Готов спорить. Во-первых, Москва ещё не джунгли. Во-вторых, и это важнее - я сам могу оценить, насколько не джунгли. (То есть уже не я, а мои дети, которые теперь сами родители. Я представляю себя на их месте.) Это мой город, мой дом и двор. Я здесь живу, общаюсь с соседями, знаю, что происходит, а чего не происходит. Взвешиваю, что опасно моему ребёнку, что нет. С какого возраста мой конкретный ребёнок может быть один дома, один в троллейбусе, один на дворовой площадке. Это решаю я, родитель.
Да, моего опыта может не хватить, если появились новые страшные явления или какие-то внезапные новшества. Но тогда о них должны нас, родителей предупредить: «Осторожно, в нашем районе стало опасно. Не оставляйте детей одних. Орудуют педофилы и эвакуаторы». В подъездах - объявления. В школах на родительских собраниях - инспекторы с беседой. Чтобы расширить наш кругозор и помочь нам - самим! - точнее оценивать риски. И государство не должно меня понуждать при оценке рисков закладываться на теракты, падающие на голову метеориты, убийц и пьяных водителей на светофоре. А если случится несчастье, то это должно, как и раньше, называться именно несчастным случаем, а также чьим-то - не родителя! - преступлением.

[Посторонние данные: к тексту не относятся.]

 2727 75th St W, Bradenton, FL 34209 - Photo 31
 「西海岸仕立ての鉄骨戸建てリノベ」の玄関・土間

Но Астахову (точнее, искателям новых поводов для разорения семей, чью идею он озвучил) хочется, чтобы не родитель, а чиновник имел право оценить ситуацию так, как ему удобнее обвинить родителя. Чтобы служащий опеки оценивал, правильно ли я воспитываю. «Ответственный» ли я родитель, «компетентный» ли (тоже не просто слова, а ювенальные понятия). Или даже не оценивал, а просто, не по закону, а по ювенальным понятиям, взял себе за правило: ребёнок самостоятельный - сцапать как безнадзорного, а родителя наказать.

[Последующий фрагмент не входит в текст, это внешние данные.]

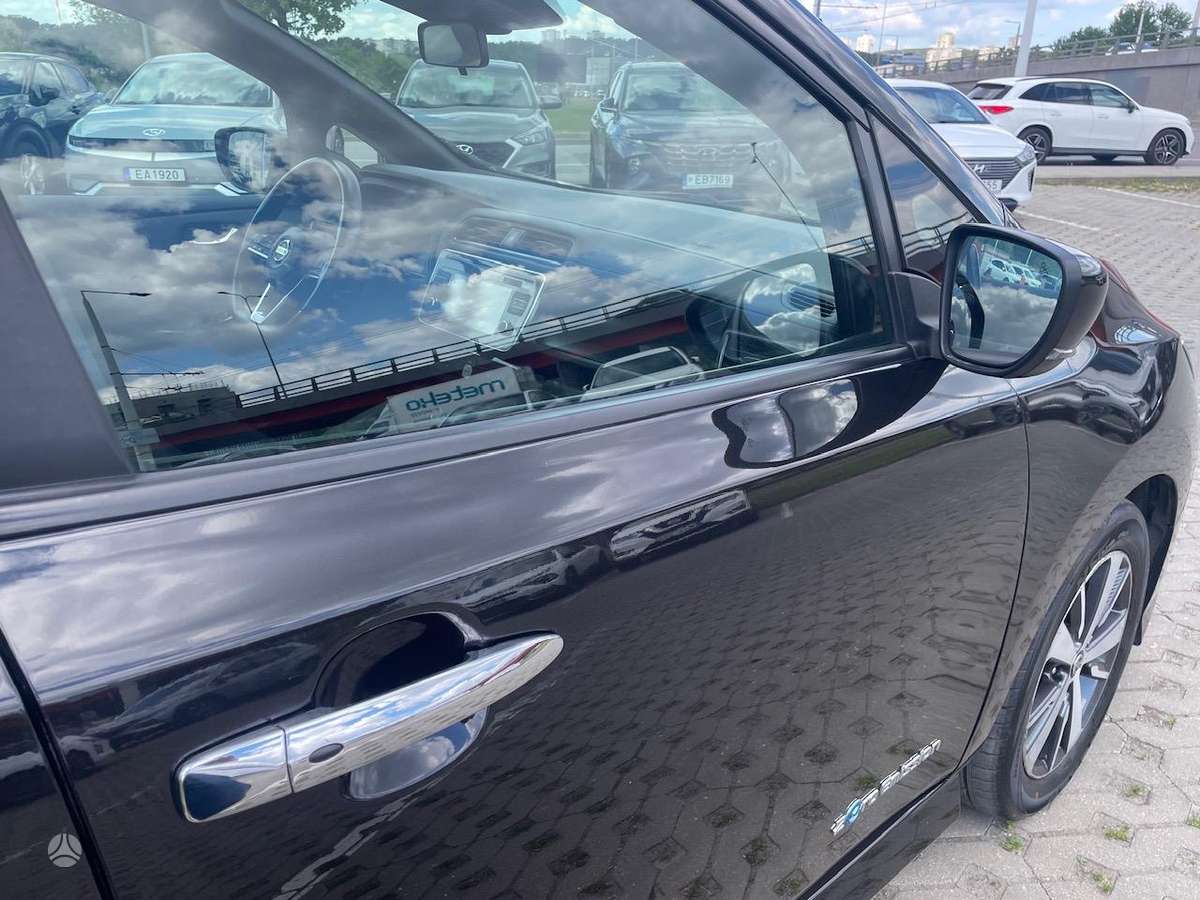 Nissan Leaf, 40 кВт·ч, Хэтчбек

На каком основании? Чиновник, он что - умнее? заботливее? лучше знает моего ребёнка?
Чиновник не имеет никакого права оценивать. Он
вправе действовать только на основании Закона и законных распоряжений. Если в Законе напишут, что нельзя ребёнку ездить одному из школы - тогда чиновник получит право вмешиваться. (Но тогда пусть обеспечат доставку детей из школы по домам.)
Конечно, если ребёнок один - и плачет, растерян, то это повод забить тревогу, сообщить в полицию, разыскать родителей. Может быть даже посчитать безнадзорностью и применить ФЗ-120. Если же ребёнок уверенно себя чувствует, а просто за него боится услужливый чиновник, то этот добрый дядя мог бы и услужить по-настоящему - например, помочь ему добраться до места следования.
Но! - это ещё если мой ребёнок ему это позволит! Он-то у меня знает, что в незнакомую машину садиться нельзя. Тем более, если это машина ювенальная.